── EXERCISE MATERIAL
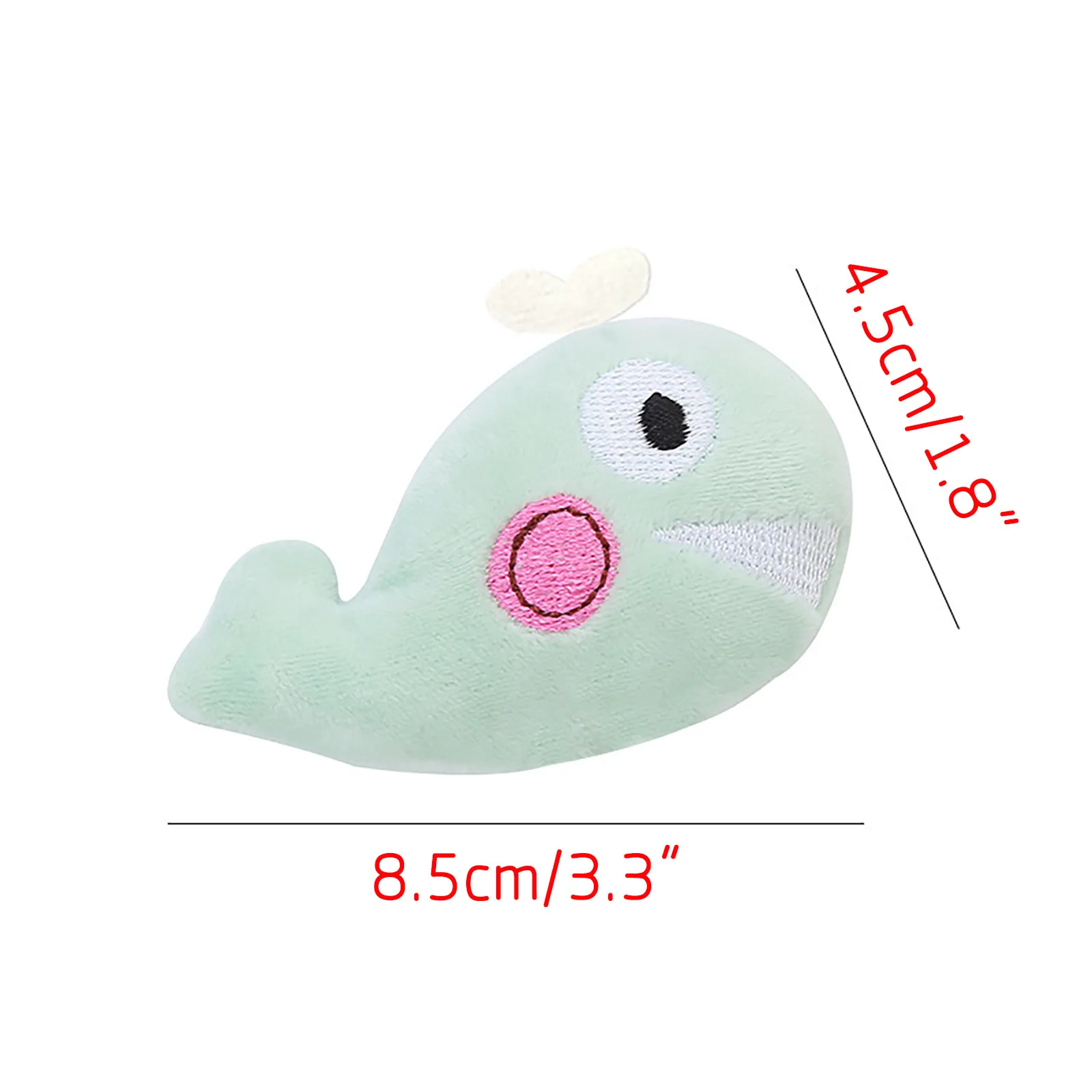 

Cat Toys Fun Design Modeling Plush Toys Pet Entertainment Toys Stuffed Pet Toy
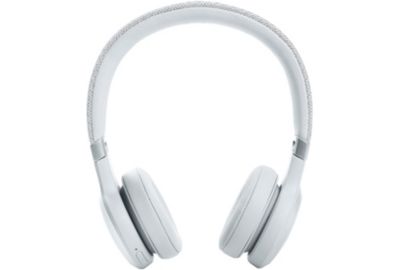 CasqueBluetooth JBL Live 460 NC Blanc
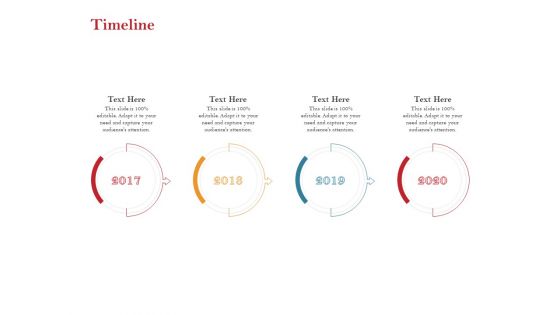 Pitch Deck For Raising Capital For Inorganic Growth Timeline Introduction PDF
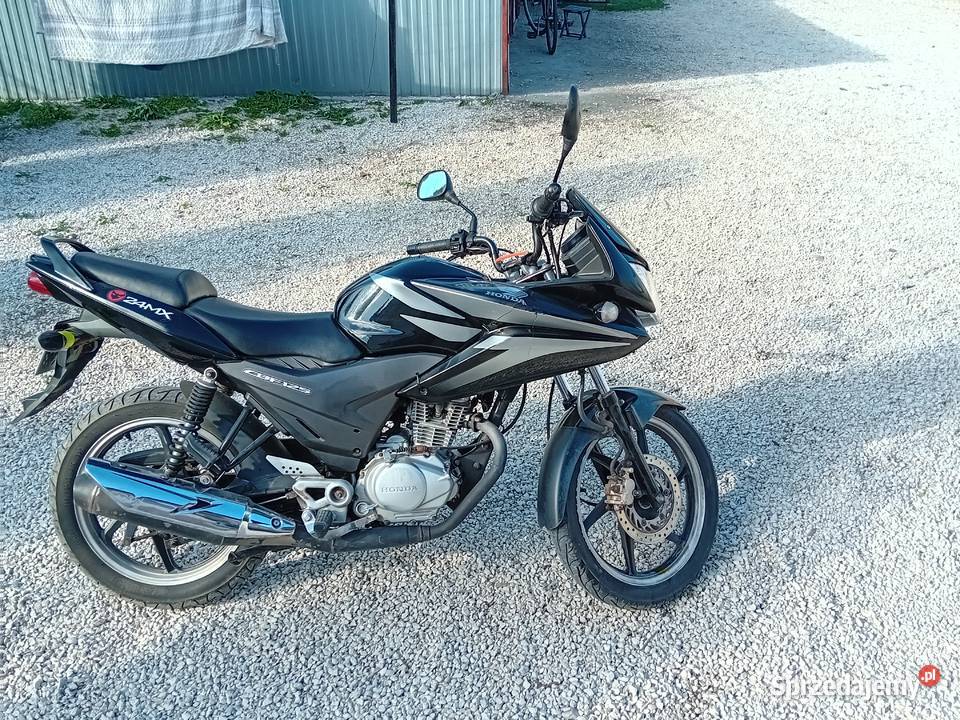 Honda cbf125 turystyczny Orzelec Duży sprzedam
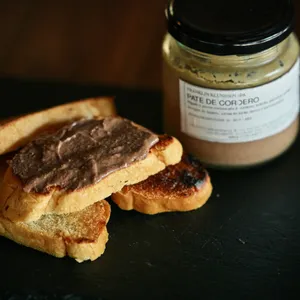 Paté Cordero & Cerveza negra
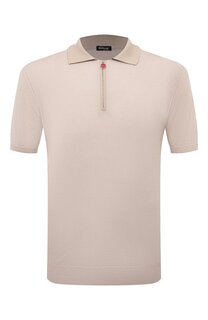 Хлопковое поло Kiton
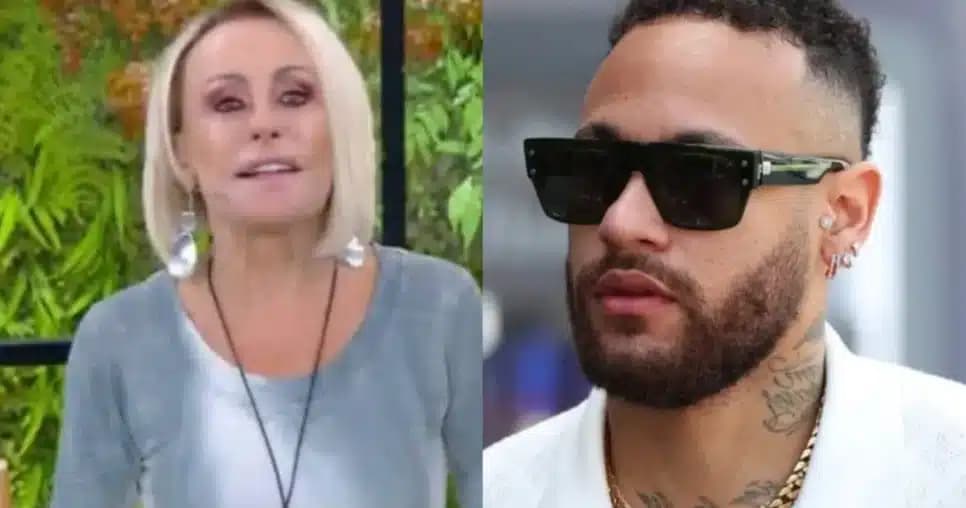 O motivo pelo qual Neymar se irritou com Ana Maria: “Posso saber por que?”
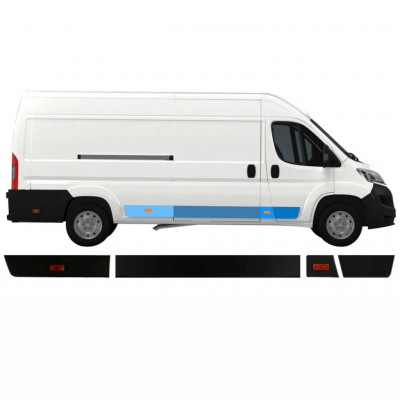 Sada líšt pre Fiat Ducato Boxer Relay 2018- / LWB / Pravá /  8486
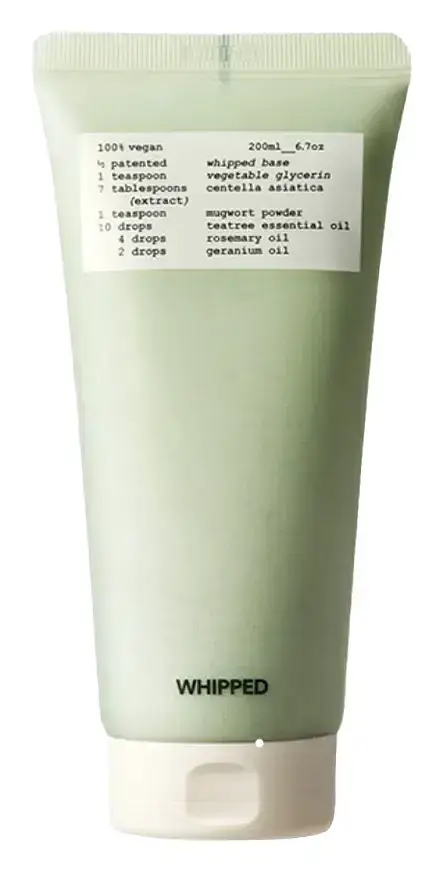 Whipped Vegan Pack Cleanser Mug Tree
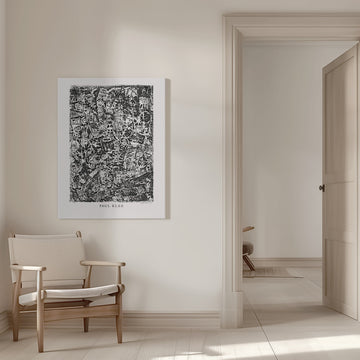 Small World 1914 | Canvas - Room Interior 1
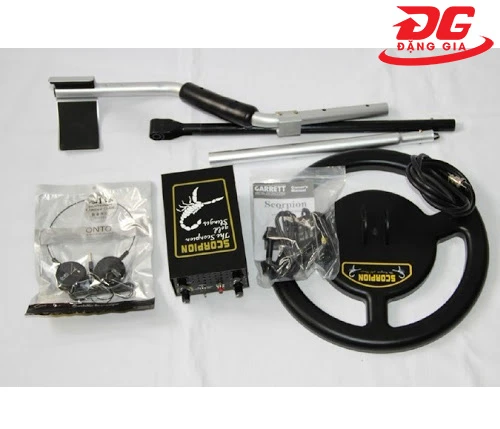 Máy dò kim loại dưới đất Garrett Scorpion Gold A9 6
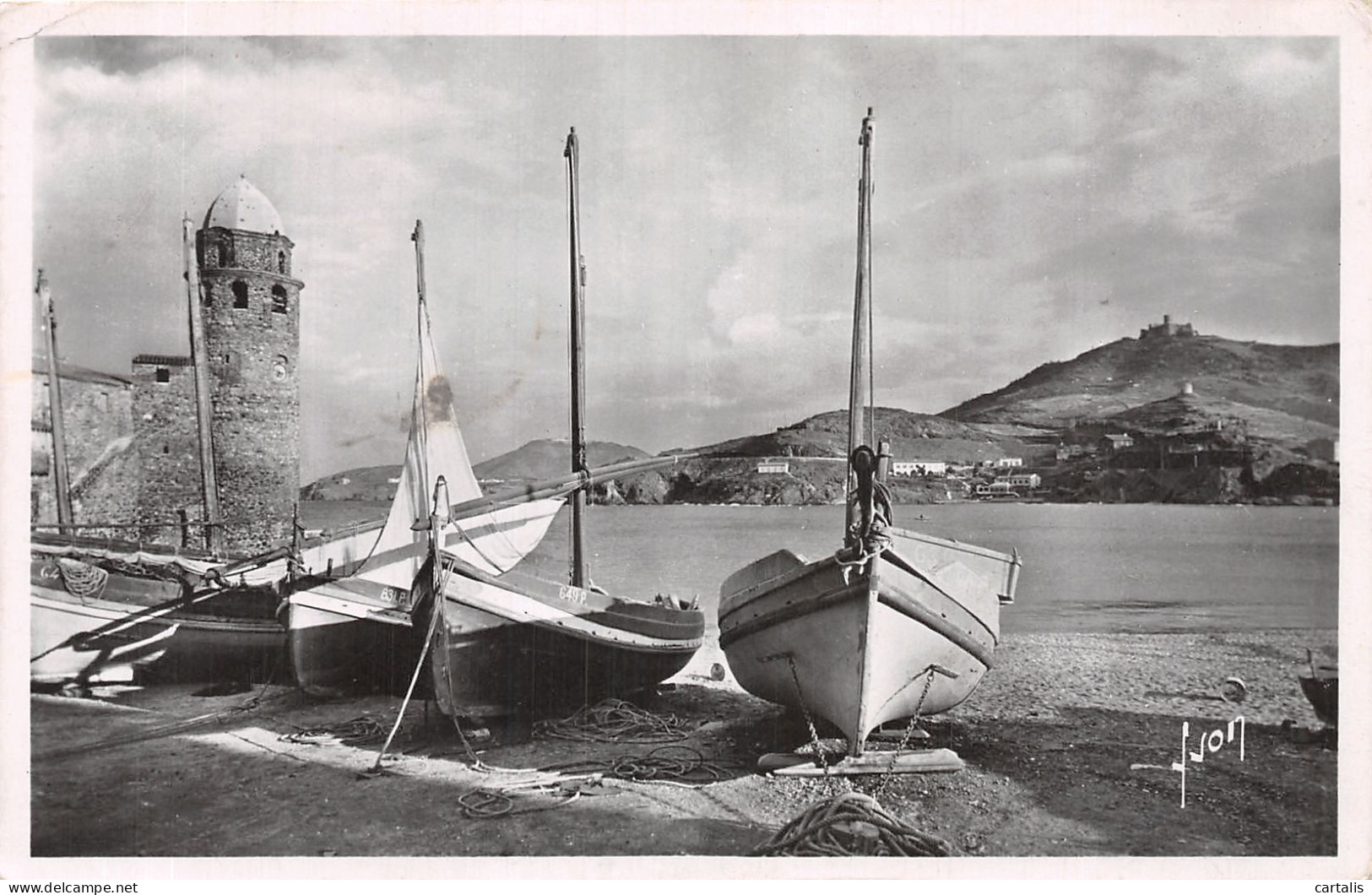 66-COLLIOURE-N°4217-E/0171 - Collioure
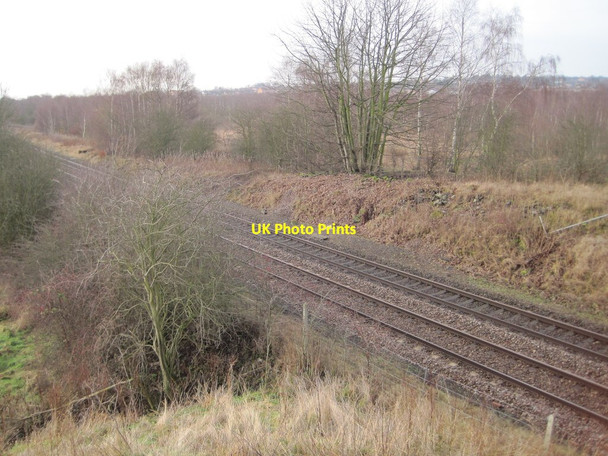 Photo 6"x4" Killamarsh West railway station (site) Holbrook\/SK4481 c2014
────
Print all the lines above exactly as they are, but without the pictures.

Cat Toys Fun Design Modeling Plush Toys Pet Entertainment Toys Stuffed Pet Toy
 CasqueBluetooth JBL Live 460 NC Blanc
 Pitch Deck For Raising Capital For Inorganic Growth Timeline Introduction PDF
 Honda cbf125 turystyczny Orzelec Duży sprzedam
 Paté Cordero & Cerveza negra
 Хлопковое поло Kiton
 O motivo pelo qual Neymar se irritou com Ana Maria: “Posso saber por que?”
 Sada líšt pre Fiat Ducato Boxer Relay 2018- / LWB / Pravá /  8486
 Whipped Vegan Pack Cleanser Mug Tree
 Small World 1914 | Canvas - Room Interior 1
 Máy dò kim loại dưới đất Garrett Scorpion Gold A9 6
 66-COLLIOURE-N°4217-E/0171 - Collioure
 Photo 6"x4" Killamarsh West railway station (site) Holbrook\/SK4481 c2014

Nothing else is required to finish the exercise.